1.5 yıldır bu blogda Mustafa Denizli ile ilgili sayısız yazı yazdım. Türk futbol tarihinin en utanmaz ve kendi kendisiyle en fazla çelişen hocası olduğunu defalarca dile getirdim. Zaman, ne söylediysek hepsini çıkardı. Geçen yıl "sezon ortasında asla ve asla takım devralmam" sözünü yutup, tükürdüğünü yalayarak (Lig TV'den haftalarca Ertuğrul'un kuyusunu kazdıktan sonra) Beşiktaş'ın başına geldi.
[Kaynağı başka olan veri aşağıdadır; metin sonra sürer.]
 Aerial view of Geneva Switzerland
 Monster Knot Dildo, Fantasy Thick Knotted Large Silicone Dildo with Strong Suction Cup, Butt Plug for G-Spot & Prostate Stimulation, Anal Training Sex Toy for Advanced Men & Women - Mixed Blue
Akabinde "hücum futbol dehası" olarak Türk futbol tarihinin en korkak, en şahsiyetsiz takımını yarattı ve şampiyon oldu. Şampiyon olmak için karakterinden bile ödün verecek kadar tıynetsiz bir adam çünkü. Ben Beşiktaşlı olsam, bu adam yönettiği sürece takım tutmayı bırakırım. Çünkü o gelene kadar Demirören yüzünden zaten "üçüncü" büyük hâline gelen Beşiktaş kulübü, o geldikten sonra artık bence Trabzon'un ardından dördüncü büyük durumunda. Çünkü büyük takım Trabzon deplasmanına 8 defans oyuncusuyla çıkmaz. Fenerbahçe ile 30 bin seyirci önünde kendi sahasında "7 adam markajı" yaptırmaz. Özetle Beşiktaş kulübü, en çok Fener ve ayrıca G.Saray ezikliği yüzünden sadece ve sadece "kazanmak" için rezil rüsva olmuş durumda. Tek kelimeyle yazık...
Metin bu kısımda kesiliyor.